What is working well
What have you found works best so far? To help spread successful strategies so that they can be of use to others in the movement, rather than writing lots of text here, we'd like you to share your finding in the form of a link to a learning pattern.
- Your learning pattern link goes here
- Got a lot of ideas & help from the research folks at the foundation, especially Aaron & Jonathan.
Next steps and opportunities
What are the next steps and opportunities you’ll be focusing on for the second half of your project? Please list these as short bullet points. If you're considering applying for a 6-month renewal of this IEG at the end of your project, please also mention this here.
- The second half of the project will have more focus on the edit activity of articles.
- How often are the articles getting edited?
- How edits the articles etc?
- There will also be a greater focus to share the results and the data that has been generated so far.

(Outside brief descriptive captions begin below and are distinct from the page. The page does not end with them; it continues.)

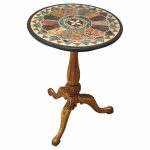 Italian Specimen Marble and Satin Birch Table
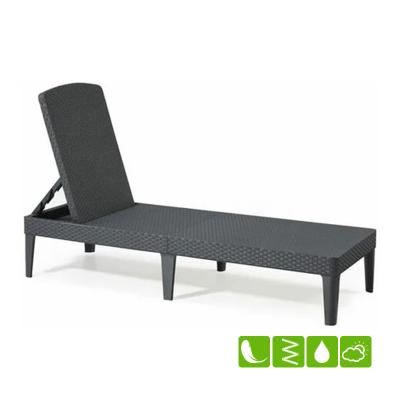 Лежак из искусственного ротанга Jaipur, графитовый [235162]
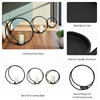 Metal, Set of 3 12/14/16"H, Double Ring Candle Holder, Black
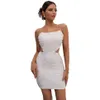 Women Party Dresses Sexy Glitter Backless Sequin Bodycon Ruched Wrap Club Evening Mini Dress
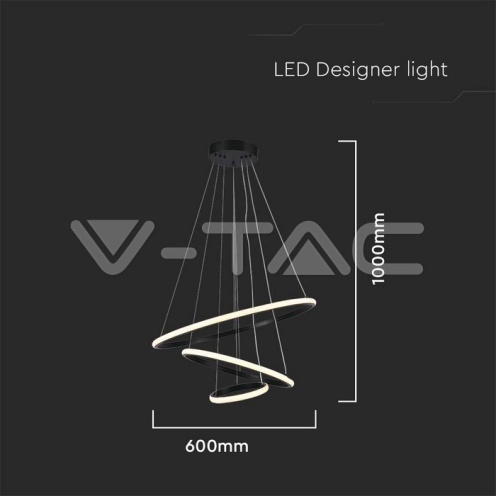 32W LED Висяща декоративна лампа 600*400*200 черно тяло 3000K 3880Lm - изглед 5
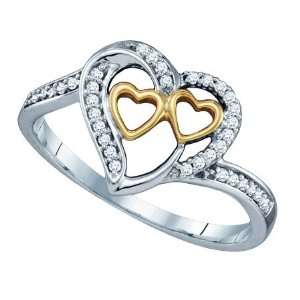   Heart Inlaid with .12CT Pearle White Diamonds With Twin Golden Hearts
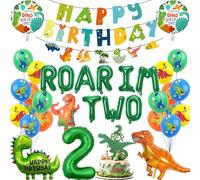 Dinosaur 2nd Birthday Party Decorations - 35 Pcs Dino Two Decoration Including Green ROAR IM TWO Letter Balloons Number 2 Foil Balloon Happy Birthday Banner For Jungle Themed Party Supplies Boys
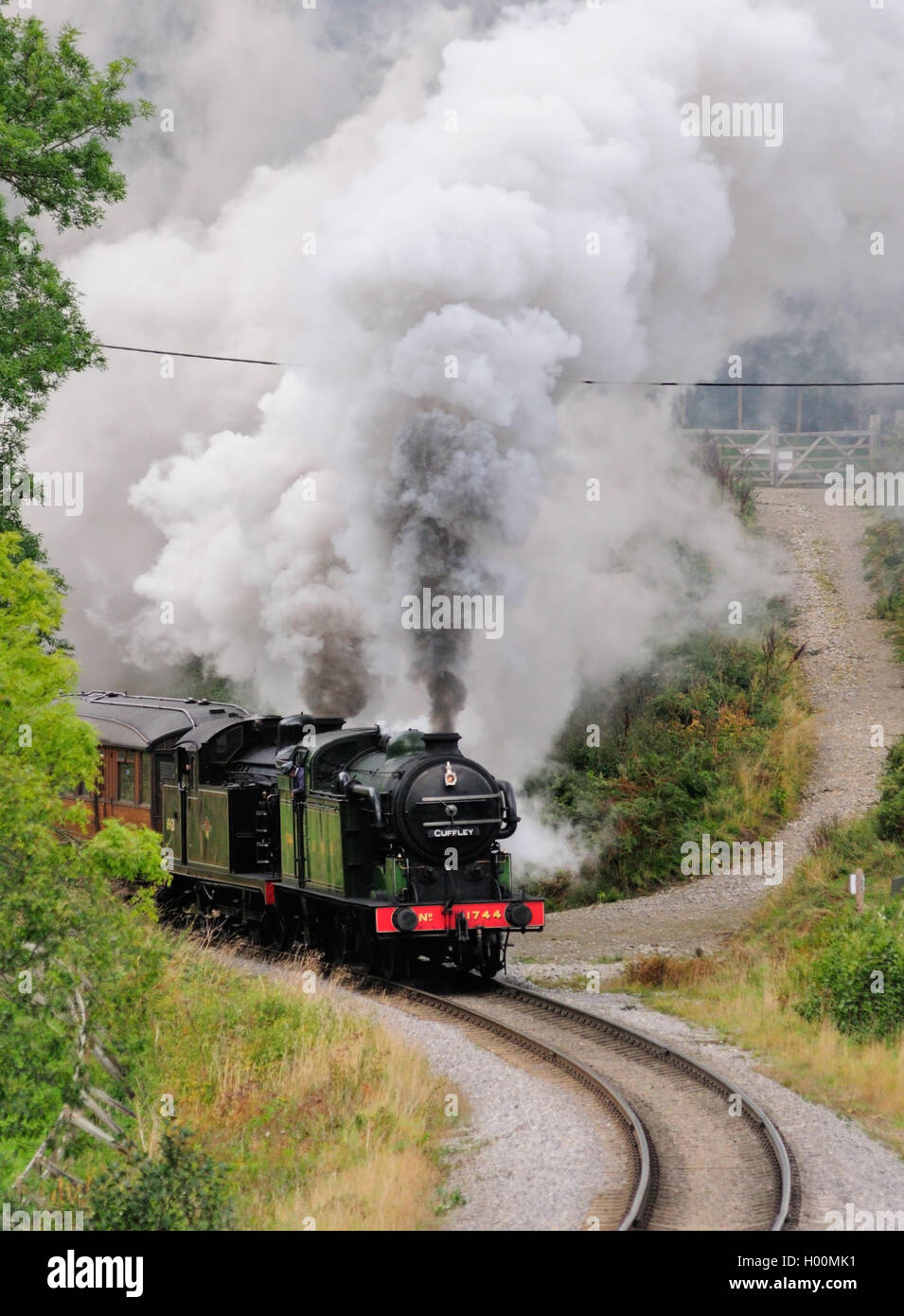 Doubleheaded steam train climbing the steep gradient at Darnholm on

- Blogging about the results, creating a website showing the results interactively etc.
- There will also be focus on building scripts to keep the graphs up to date.
We’d love to hear any thoughts you have on how the experience of being an IEGrantee has been so far. What is one thing that surprised you, or that you particularly enjoyed from the past 3 months?
Working on a research project is always a roller coaster ride, but its been fun till now. And always one research question leads to another, I'm never short of questions to answer.